'Jewish Rally for Refugees' in New York Invokes Struggle of Holocaust Survivor Grandparents

Overlooking Ellis Island, thousands of Jews gathered to demand that Muslim refugees be let in to the U.S. 'Those same people who sent Jews back to the Third Reich never left,' said Rep. Keith Ellison.

Protesters display placards during the Jewish Rally for Refugees at Battery Park in New York, February 12, 2017.
JEWEL SAMAD/AFP

NEW YORK - Thousands of American Jews gathered Sunday in New York's Battery Park to protest U.S. President Donald Trump’s executive order and in support of refugees. With a misty Statue of Liberty looming in the background, flanked by ferries taking tourists to visit nearby Ellis Island, the memory of the Holocaust - at the center of the struggle for many grandparents who have sought refuge in this very harbor - was a common theme throughout the rally.

Laura Clark, a 50-year-old New Yorker who came to the rally with her 13-year-old daughter Aliana, was dressed as Lady Liberty. She held a sign that read “Emma Lazarus was a Jew,” on one side, and “proud granddaughter of immigrant sheepherder Joaquin Solosabal" on the other.

“I’m here as a granddaughter of an immigrant who came to the US through Ellis Island,” Clark told Haaretz.  “M grandfather was a sheep herder and came here with $20 in his pocket.

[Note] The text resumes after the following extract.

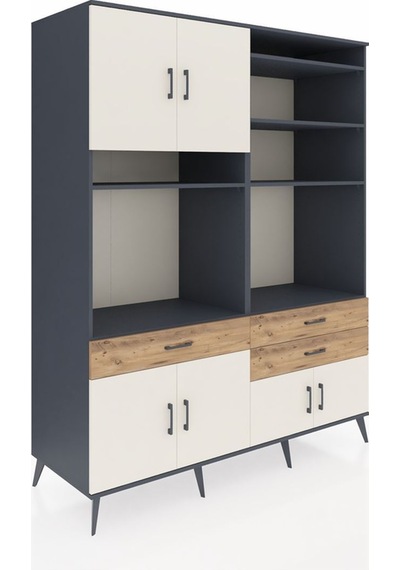 Kronos Gardrop 10 Raflı 3 Çekmeceli 8 Kapaklı 176x59x221 Antrasit-aytaşı/çam Aytaşı/çam Kronos Gardrop 10 Raflı 3 Çekmeceli 8 Kapaklı 176x59x221 Antrasit-aytaşı/çam Aytaşı/çam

And his descendants are six college graduates, a member of the National Guard and teachers in public schools who are helping disabled students. We are America and I’m proud to be a descendent of refugees. I think Jews should be clear about treating the stranger as they would like to be treated."

Joshua, who refuses to say his family name, is standing on a rock holding with a sign that reads “What would bubby say?” On the opposite side, the answer: “Such a Shande.”

Laura Clark at the Jewish Rally for Refugees in New York, February 12, 2017.
Taly Krupkin

“I’m here to represent my bubby, my Jewish grandmother, she is 96 years young, she has lived for so long, and fought for so much,” explained Joshua. “She has asked me to fight for her in my activism and to remind people that there is a whole generation of bubbles who remember World War II and the Holocaust and blacklisting, like she was blacklisted in the 50s - she was an opera singer at the Met. it should give us power, because bubbies give us power. ”

Many held signs referring to their bubbies, and a few even tried to shame Jared Kushner, whose grandmother was a refugee, with a sign that read, “Jared, what would your bubby say?”

The rally was organized by HIAS, the global Jewish nonprofit that protects refugees, and similar events were held in other cities across the U.S. including the participation of over 1,900 American rabbis in 48 states and more than 260 congregations across the country. As rabbis from different Jewish organizations took the stage one by one, members of the audience clutched their umbrellas, protecting themselves in vain from the hail, as temperatures dropped below freezing.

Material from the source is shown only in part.